The fifth and final season of NewsRadio began with an impossible task. How could the lighthearted workplace comedy continue after the surprising murder of Phil Hartman, an actor beloved by both his coworkers and fans of the series? That the show managed to face Hartman’s death head-on by incorporating his character’s funeral into the season premiere — while turning in one of the funniest episodes of the whole season — says a lot about the nature of NewsRadio’s unconventional brand of humor. Not every show can make laugh-out-loud jokes about a botched eulogy, a friend completely in denial about death, or going on a bender to get over a loved one — yet those are just the opening moments of NewsRadio’s fifth season.
But just because the comedy is a little offbeat doesn’t mean the show shirks all the conventions of a typical sitcom. In fact, the series whole-heartedly embraces these conventions, almost refusing to innovate. There’s a three-camera setup. There’s a studio audience with audible laughter. There’s a straight-man lead and a whole slew of wacky sidekicks. And that’s the way they like it. “It’s very hard for a single-camera show to make me laugh,” says writer Josh Lieb in a DVD commentary, available on sporadic episodes. “American audiences are accustomed to shows being four-camera. It makes them feel like they’re a part of the audience.”
In this way, the broad gags and rhythms of NewsRadio approach comedy from the opposite direction as all the other left-of-center workplace sitcoms that followed suit, most recently, The Office. While The Office opts for a realistic feel quasi-cinema-verité style and the single-camera format so detested by the NewsRadio crew, NewsRadio chucks all sense of realism out the window for zany plots about magic intelligence-enhancing drinks, hypnosis, Freaky Friday-like role reversals, and a form of martial arts called “Joe-jitsu.” If The Office finds comedy in small, awkward interactions between two emotionally honest characters, NewsRadio would rather see Joe Rogan falling through an air vent. Yes, this is stubbornly straight-up network sitcom comedy. Thankfully, the writers know how to finesse it so that it’s actually funny.
Really funny. When put-upon boss Dave Nelson (Dave Foley) says he’s sick of slackers and fantasizes about firing someone — possibly everyone — in the office, it’s a genuinely silly, not uncomfortable moment. When a new executive says that he’ll give up being “evil” to win the hand of Lisa Miller (Maura Tierney), it comes across as rollicking, not ridiculous. And that’s how, eventually, they were able to ring a few laughs out after the loss of Phil Hartman. Throughout the series, the writing is so tight and witty that when watching the DVD’s gag real, it’s tempting to hope that the actors make it through the scenes without breaking down because the jokes as they are written are more hilarious than the bloopers.

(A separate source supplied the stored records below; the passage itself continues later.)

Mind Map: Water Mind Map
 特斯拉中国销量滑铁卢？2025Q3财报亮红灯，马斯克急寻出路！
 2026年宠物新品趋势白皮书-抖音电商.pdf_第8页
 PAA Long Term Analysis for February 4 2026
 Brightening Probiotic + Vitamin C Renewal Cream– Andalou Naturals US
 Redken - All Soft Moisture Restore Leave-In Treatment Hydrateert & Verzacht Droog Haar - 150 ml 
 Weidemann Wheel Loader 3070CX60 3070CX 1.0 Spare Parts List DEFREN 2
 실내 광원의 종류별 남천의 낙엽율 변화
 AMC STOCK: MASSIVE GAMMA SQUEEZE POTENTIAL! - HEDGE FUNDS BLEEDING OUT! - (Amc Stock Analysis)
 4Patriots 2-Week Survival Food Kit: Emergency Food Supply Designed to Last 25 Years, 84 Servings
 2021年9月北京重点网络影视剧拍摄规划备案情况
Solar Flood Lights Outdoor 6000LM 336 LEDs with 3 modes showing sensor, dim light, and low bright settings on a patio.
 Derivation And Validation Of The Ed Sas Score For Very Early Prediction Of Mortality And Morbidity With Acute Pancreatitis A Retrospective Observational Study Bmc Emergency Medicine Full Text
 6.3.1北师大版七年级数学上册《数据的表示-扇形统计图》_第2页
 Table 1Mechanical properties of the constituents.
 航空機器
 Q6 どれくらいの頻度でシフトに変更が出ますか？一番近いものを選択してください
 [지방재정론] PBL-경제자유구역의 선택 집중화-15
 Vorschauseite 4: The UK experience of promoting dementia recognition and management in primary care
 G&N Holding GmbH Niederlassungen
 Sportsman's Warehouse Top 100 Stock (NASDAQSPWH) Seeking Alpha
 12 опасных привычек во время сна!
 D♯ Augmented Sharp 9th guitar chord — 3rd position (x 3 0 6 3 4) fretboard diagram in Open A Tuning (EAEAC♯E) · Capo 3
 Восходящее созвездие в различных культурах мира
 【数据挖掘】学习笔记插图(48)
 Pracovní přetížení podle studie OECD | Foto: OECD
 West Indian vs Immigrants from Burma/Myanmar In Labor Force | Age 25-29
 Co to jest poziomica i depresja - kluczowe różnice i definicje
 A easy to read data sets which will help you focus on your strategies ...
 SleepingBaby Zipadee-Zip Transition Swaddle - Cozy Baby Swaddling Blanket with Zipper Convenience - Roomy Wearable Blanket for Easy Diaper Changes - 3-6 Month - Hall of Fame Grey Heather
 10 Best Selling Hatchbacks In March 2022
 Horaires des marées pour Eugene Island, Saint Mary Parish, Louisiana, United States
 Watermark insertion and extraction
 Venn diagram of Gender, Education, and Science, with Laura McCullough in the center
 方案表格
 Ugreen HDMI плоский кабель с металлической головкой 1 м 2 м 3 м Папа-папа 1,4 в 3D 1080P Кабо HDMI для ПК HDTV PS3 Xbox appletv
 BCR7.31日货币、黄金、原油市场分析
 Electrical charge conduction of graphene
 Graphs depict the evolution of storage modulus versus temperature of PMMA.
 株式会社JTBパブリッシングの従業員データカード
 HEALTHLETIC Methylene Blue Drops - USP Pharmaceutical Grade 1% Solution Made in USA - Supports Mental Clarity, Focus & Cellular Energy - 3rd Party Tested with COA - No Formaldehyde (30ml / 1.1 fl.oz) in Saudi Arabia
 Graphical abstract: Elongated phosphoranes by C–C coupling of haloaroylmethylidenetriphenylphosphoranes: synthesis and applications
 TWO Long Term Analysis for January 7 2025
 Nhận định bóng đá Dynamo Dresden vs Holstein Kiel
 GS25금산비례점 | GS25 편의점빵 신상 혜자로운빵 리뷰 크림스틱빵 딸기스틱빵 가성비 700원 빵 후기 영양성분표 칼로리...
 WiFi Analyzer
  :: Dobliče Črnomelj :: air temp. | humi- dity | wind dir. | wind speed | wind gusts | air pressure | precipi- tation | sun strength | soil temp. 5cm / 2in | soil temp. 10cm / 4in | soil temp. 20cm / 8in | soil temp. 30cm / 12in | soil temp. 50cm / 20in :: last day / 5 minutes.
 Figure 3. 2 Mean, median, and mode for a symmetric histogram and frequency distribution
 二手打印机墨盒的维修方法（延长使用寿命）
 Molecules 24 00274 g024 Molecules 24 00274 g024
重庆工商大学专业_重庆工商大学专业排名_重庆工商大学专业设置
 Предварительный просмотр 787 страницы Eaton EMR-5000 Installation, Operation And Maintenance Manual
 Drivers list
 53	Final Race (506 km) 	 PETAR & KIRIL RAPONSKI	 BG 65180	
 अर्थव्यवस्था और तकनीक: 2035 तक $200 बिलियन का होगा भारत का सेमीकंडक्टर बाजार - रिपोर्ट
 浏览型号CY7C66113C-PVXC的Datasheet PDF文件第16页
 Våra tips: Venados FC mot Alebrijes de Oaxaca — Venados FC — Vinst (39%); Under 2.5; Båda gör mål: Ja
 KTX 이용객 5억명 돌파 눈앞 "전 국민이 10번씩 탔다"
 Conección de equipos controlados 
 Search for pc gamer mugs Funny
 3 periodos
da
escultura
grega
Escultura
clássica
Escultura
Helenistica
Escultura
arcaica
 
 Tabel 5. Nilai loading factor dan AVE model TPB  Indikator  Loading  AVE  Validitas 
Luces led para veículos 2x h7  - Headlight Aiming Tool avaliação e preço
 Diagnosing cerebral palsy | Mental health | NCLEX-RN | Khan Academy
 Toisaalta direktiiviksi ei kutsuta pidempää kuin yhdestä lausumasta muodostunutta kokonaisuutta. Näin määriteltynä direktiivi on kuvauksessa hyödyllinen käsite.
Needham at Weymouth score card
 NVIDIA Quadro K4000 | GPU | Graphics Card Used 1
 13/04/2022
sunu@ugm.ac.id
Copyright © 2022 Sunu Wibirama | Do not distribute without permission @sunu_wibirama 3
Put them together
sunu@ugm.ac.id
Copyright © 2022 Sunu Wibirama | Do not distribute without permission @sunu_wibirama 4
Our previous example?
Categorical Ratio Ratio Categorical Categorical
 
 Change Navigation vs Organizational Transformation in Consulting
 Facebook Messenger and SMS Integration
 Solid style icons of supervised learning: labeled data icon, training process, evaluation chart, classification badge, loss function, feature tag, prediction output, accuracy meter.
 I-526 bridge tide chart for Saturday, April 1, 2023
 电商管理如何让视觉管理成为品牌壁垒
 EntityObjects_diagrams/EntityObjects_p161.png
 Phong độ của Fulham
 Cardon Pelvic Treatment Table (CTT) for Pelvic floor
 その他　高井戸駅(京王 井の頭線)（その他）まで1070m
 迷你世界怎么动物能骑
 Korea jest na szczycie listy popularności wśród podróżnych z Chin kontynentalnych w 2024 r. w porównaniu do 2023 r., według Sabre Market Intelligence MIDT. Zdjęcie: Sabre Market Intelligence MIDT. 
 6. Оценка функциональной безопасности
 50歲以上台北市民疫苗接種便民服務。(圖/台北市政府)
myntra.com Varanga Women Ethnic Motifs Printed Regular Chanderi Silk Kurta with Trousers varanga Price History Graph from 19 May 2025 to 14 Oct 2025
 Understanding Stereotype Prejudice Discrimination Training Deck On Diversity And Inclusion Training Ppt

Though the show is not willing to escape the confines of a traditional three-camera sitcom, the fifth season of the NewsRadio series finally loosens up and plays with its own format a bit. The series tries experimenting with multiple-episode story-arcs, veering away from its strict policy of stand-alone episodes. Of course, this was a slow evolution, with executive producer and creator Paul Simms being reluctant to change the show’s winning formula. “I thought that when you watch it in reruns, you’d want to have whole story,” he says on one commentary track. “Now every show does multiple story arcs.”
Undertaking such an arc NewsRadio, undergoes a subtle transformation that builds on its already comedic foundations. Instead of focusing the continuing plotlines around the overused, unsatisfying device of a love triangle of some sort (a tactic even the iconoclastic The Office was powerless to escape), the series really swings for the fences and comes up with an off-the-wall saga about corporate boss Jimmy James (Stephen Root), his suspected involvement in a legendary hijacking, his escape from jail and life on the lam, and his dealings with archrival and replacement Johnny Johnson (expertly played by Patrick Warburton). This story arc may be the pinnacle of the show’s creative achievement.
It’s in this type of interplay — stretching boundaries of a typical workplace sitcom without ever subverting them — that is able to coax some of the best work out of its diverse cast. (Seriously, there must be some kind of NewsRadio curse that keeps its actors from ever turning in a comedic performance better than the ones on the series. Just think of what Andy Dick, Joe Rogan, and Dave Foley have starred in since — can you say Celebrity Poker Showdown?)
“I remember specifically [the first multiple-episode] arc,” says Simms. “I was feeling weird at the start of the fifth season. Phil [Hartman] wasn’t there and I didn’t feel like myself. I consciously rededicated myself to the show on this arc. And it was fun again.” So you can look at the series’ ultimate season just a typical three-camera show — an artifact of the mid-90s when, according to Simms, two years earlier NBC had 18 sitcoms glutted in its prime-time lineup. But then you’d be missing out on its quiet, pioneering efforts, and a ton of laughs.